From an astetics point of view, my water was never clearer. Apparently there is some amount of GWA in the water all the time, and the UV takes it all out. The water really sparkled. This may also be a con for the right aquarist. If you have a food chain in your aquarium that is dependent on protozoans, the UV may be a problem, as it will kill protozoans. These issues must be weighed against your GWA problem. Of course, you can always shut it off after the GWA is gone.


----------



## Verminaard (Dec 18, 2003)

I must say the positives to using a UV filter far outweigh the negatives. For one thing clearer water means more light reaching your plants. When people say clear water it really is something you need to see yourself. It truly does do amazing things for water clarity. Not to mention that it works to safeguard the health of your fish. I dose with Tropica Master Grow and have never noticed any ill effects on the ferts. I have read that the UV actually breaks the bond of the chelated iron. Altogether it is a wise investment IMO.


----------



## febis (Feb 24, 2004)

thank you for your responses,i went to lfs and bought a turbo twister.hope i have the same results as you guys,i`ll keep you posted thanks.
febis


----------



## robocop22 (Aug 27, 2003)

just set up my turbo twister...
how did you guys install the vinyl tubes to the inflow and outflow inlets on the uv unit? 
Do you screw something over the tube or does it just attach to the inlet(seems a bit dangerous if it slips off)
thanks!


----------



## Verminaard (Dec 18, 2003)

I used one of the supplied "hose barb inlets" and slipped it over the attached tube.

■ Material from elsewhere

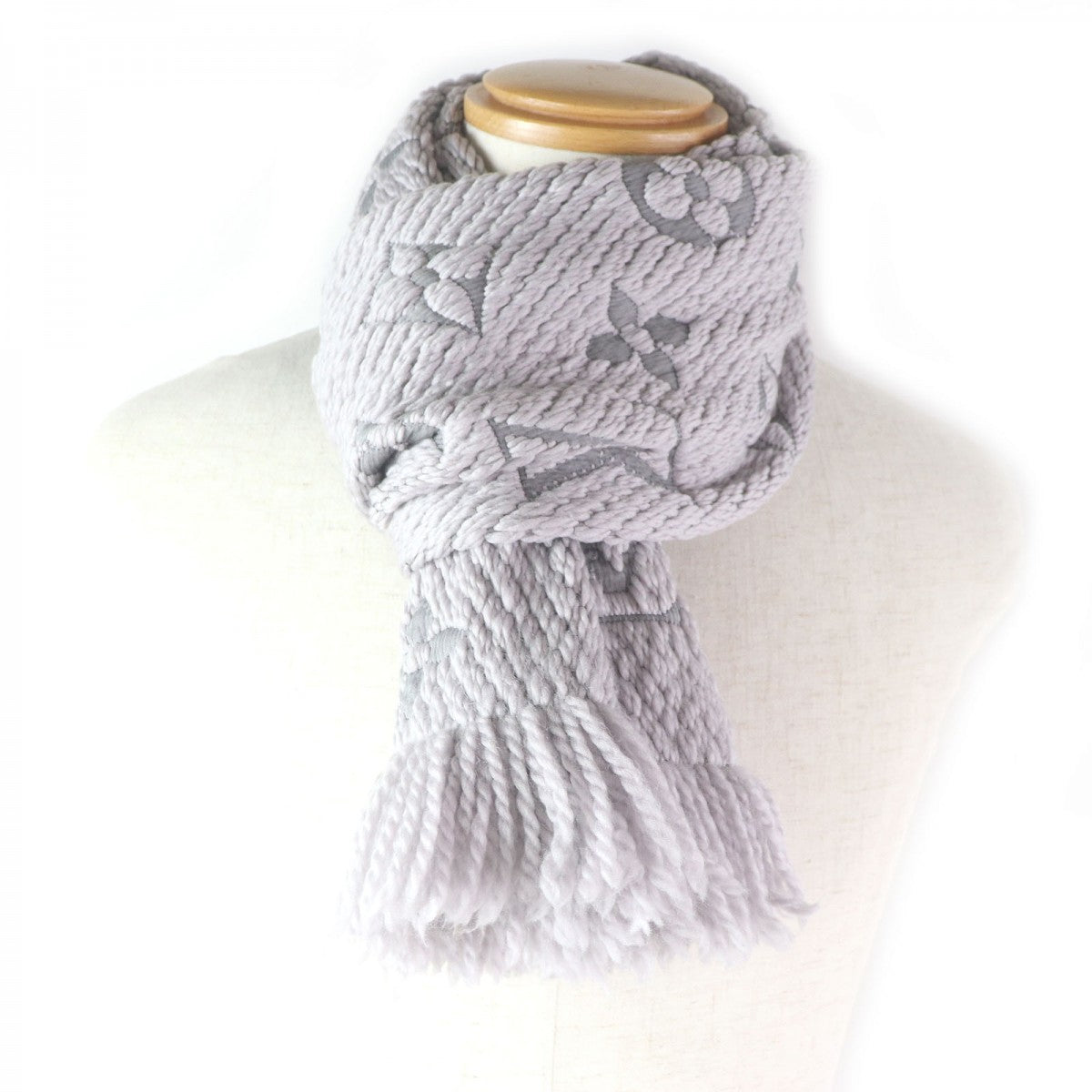Louis Vuitton Scarf M74742 Wool Gray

Doing so will ensure a tight fit. Just screw it down over your tubing.


----------



## robocop22 (Aug 27, 2003)

thanks!


----------



## Cavan Allen (Jul 22, 2004)

It does clear up the water, but I've noticed my Hottonia is a *lot* paler when it runs full time. I guess I could try root feeding additional iron. That or having the thing on a timer for about half the day or so.

If I did that, would it shorten bulb life?


----------